▶ **Your instructions**
Everything in the listing except the pictures should be written out exactly.

▶ **Exercise data**
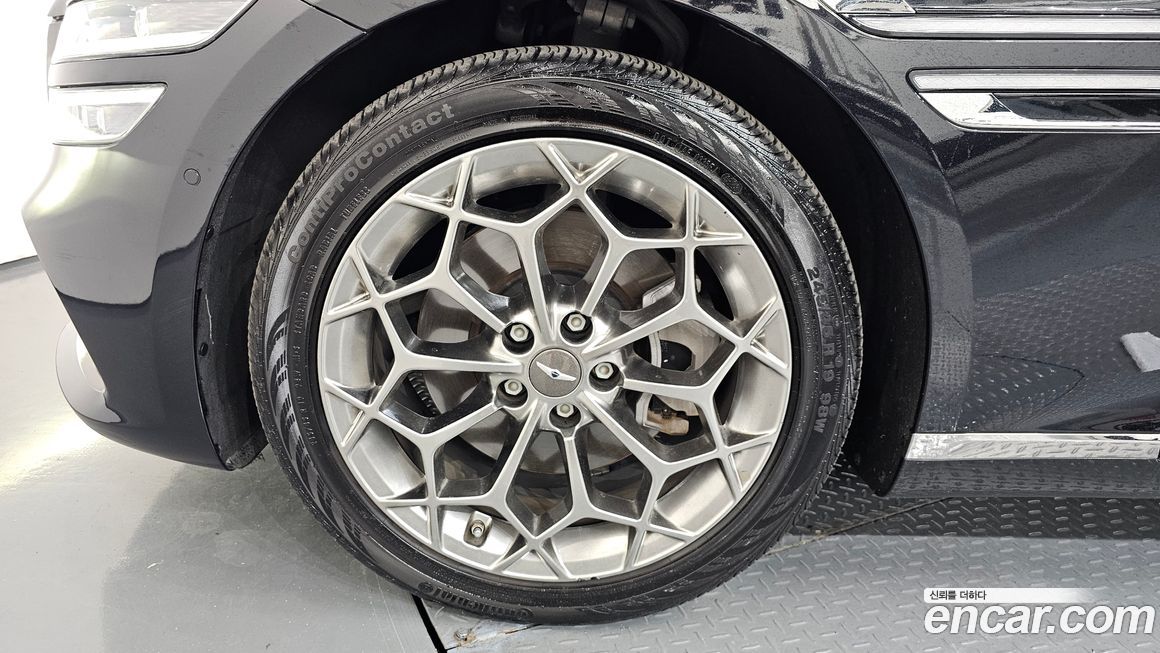 Genesis G80 2021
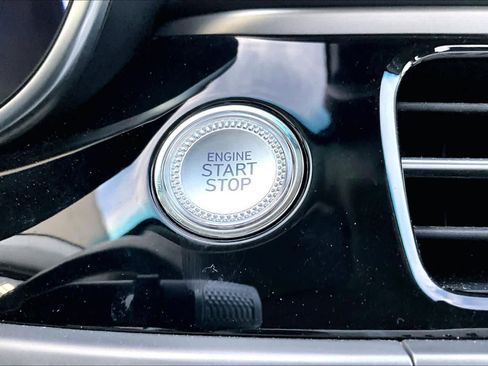 Used 2025 Genesis G70 2.5T image 30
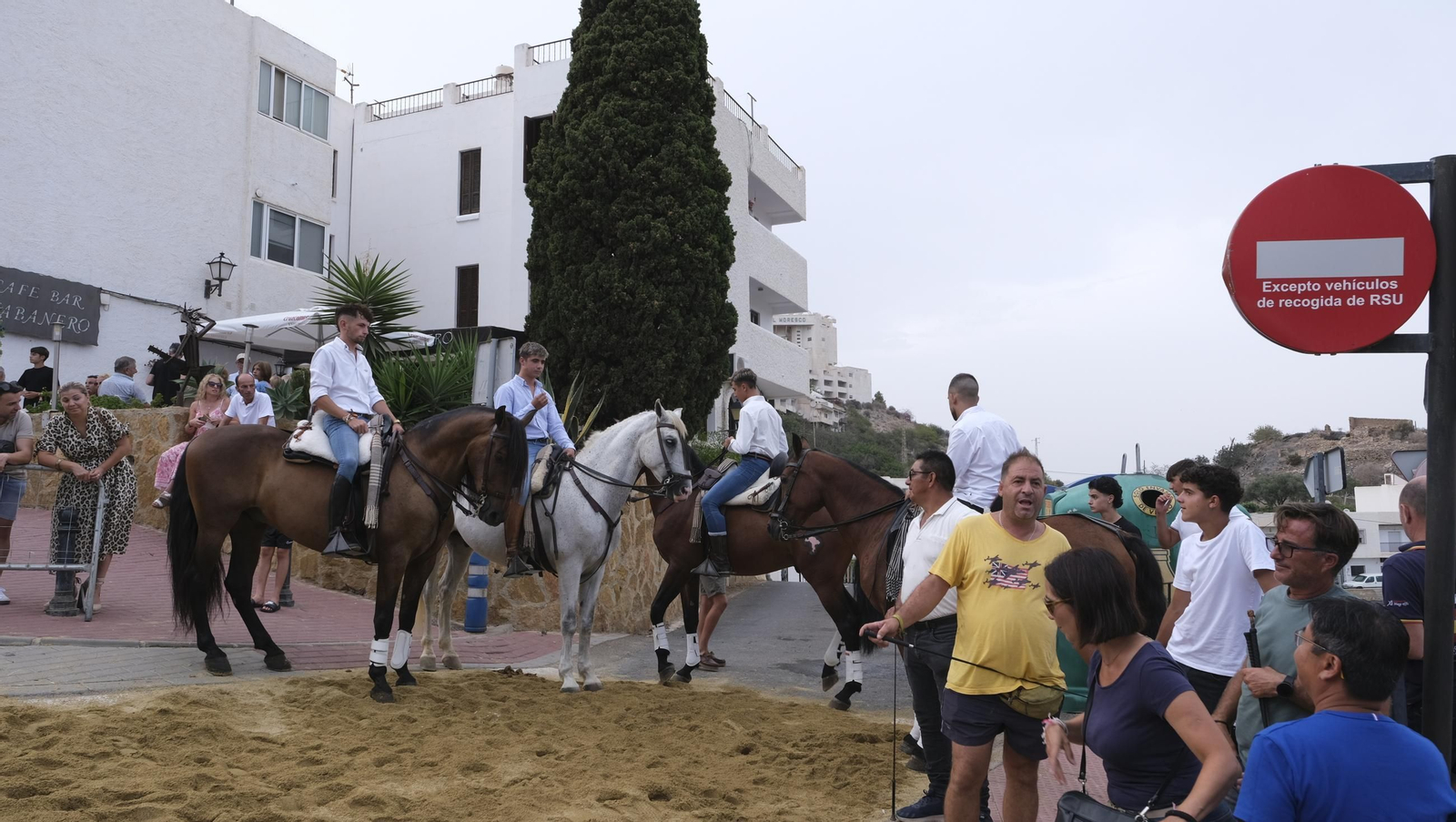 La popular carrera de cintas a caballo de las Fiestas de Mojácar, en imágenes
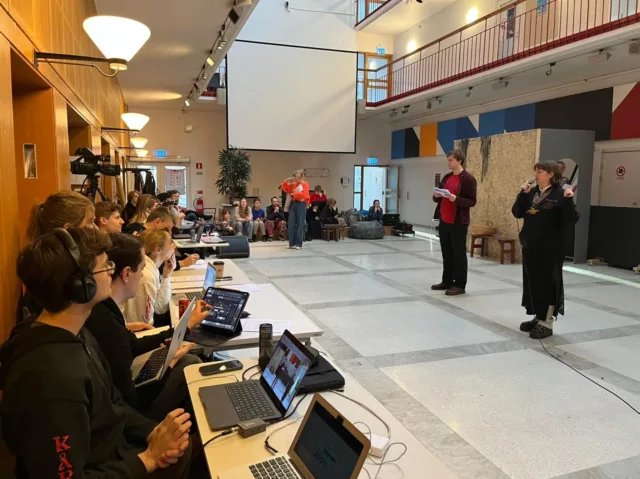 I lördags hade vi Checkis som är vårt första ordentliga genomdrag för alla grupper. För första gången fick hela spexet se scengruppen spela igenom manus på scen! Även de dansnummer och sånger som hade hunnit repas in visades upp och orkestern hade hunnit repa in flera låter som vi fick lyssna på. Från KMP och Tekniken presenterades skisser och provisoriska scenbilder ställdes upp som gav en bild om hur den färdiga scenografin kommer bli med placering av väggar och liknande. Det var fantastiskt kul att få se spexet börja ta form!

Efter genomdrag har vi vanligtvis fest, men den här gången avslutades dagen istället med en alkoholfri spelinspirerad ✨Aktivitet✨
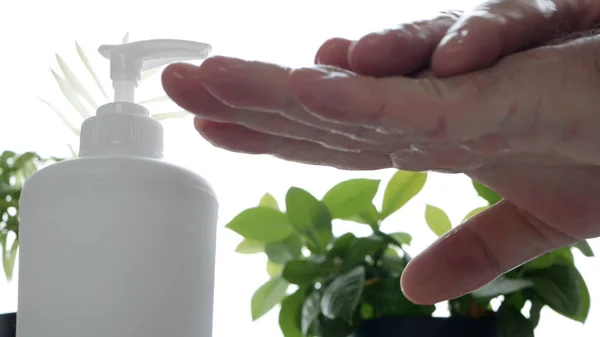 Homem Limpa Desinfecta Suas Mãos Com Solução Antibacteriana — Fotografia de Stock
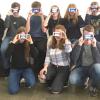 Schülerinnen und Schüler des Projekt-Seminars Informatik zeigen „Augen auf im Internet“. (Das Foto wurde vor Maskenpflicht und Abstandsgebot aufgenommen.)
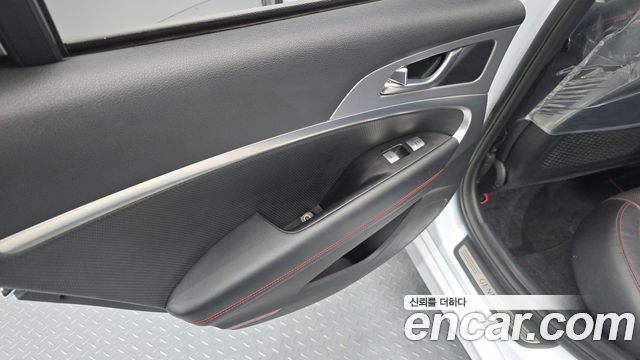 Genesis G70 2018 — photo 15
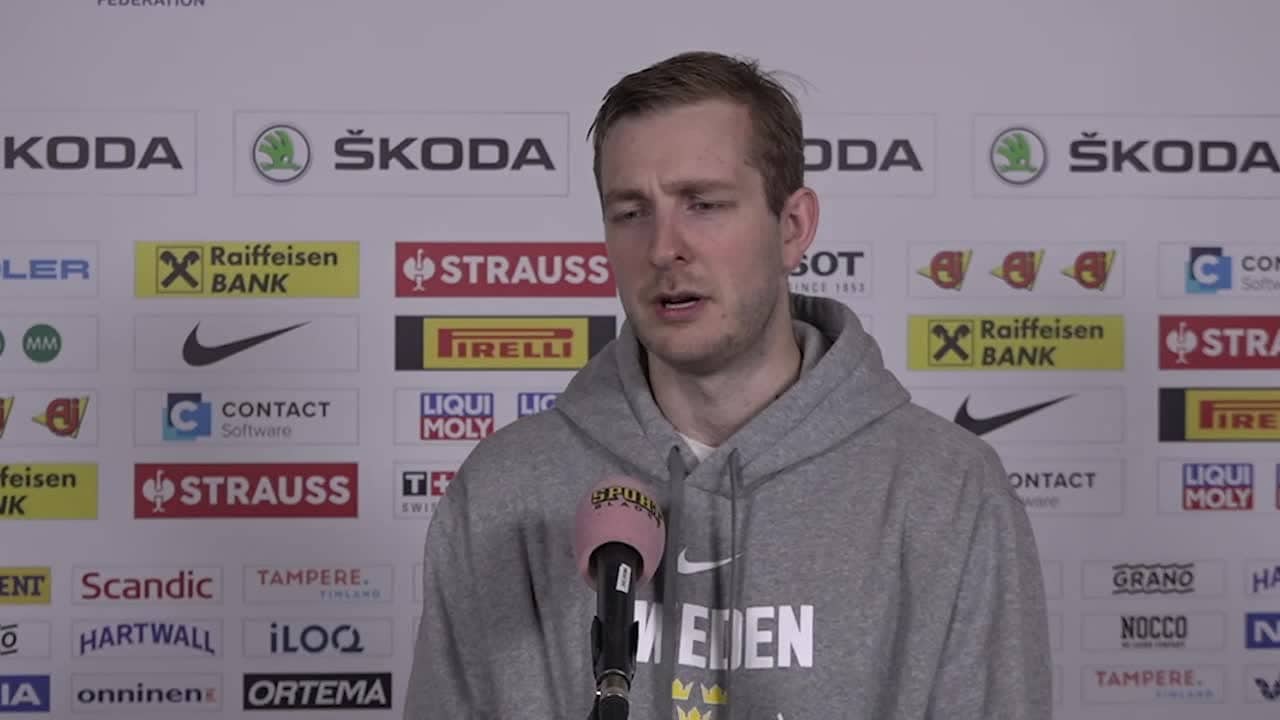 Hör Linus Ullmark om virala björnkramen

▶ **Exercise result**
 Genesis G80 2021
 Used 2025 Genesis G70 2.5T image 30
 La popular carrera de cintas a caballo de las Fiestas de Mojácar, en imágenes
 I lördags hade vi Checkis som är vårt första ordentliga genomdrag för alla grupper. För första gången fick hela spexet se scengruppen spela igenom manus på scen! Även de dansnummer och sånger som hade hunnit repas in visades upp och orkestern hade hunnit repa in flera låter som vi fick lyssna på. Från KMP och Tekniken presenterades skisser och provisoriska scenbilder ställdes upp som gav en bild om hur den färdiga scenografin kommer bli med placering av väggar och liknande. Det var fantastiskt kul att få se spexet börja ta form!

Efter genomdrag har vi vanligtvis fest, men den här gången avslutades dagen istället med en alkoholfri spelinspirerad ✨Aktivitet✨
 Homem Limpa Desinfecta Suas Mãos Com Solução Antibacteriana — Fotografia de Stock
 Schülerinnen und Schüler des Projekt-Seminars Informatik zeigen „Augen auf im Internet“. (Das Foto wurde vor Maskenpflicht und Abstandsgebot aufgenommen.)
 Genesis G70 2018 — photo 15
 Hör Linus Ullmark om virala björnkramen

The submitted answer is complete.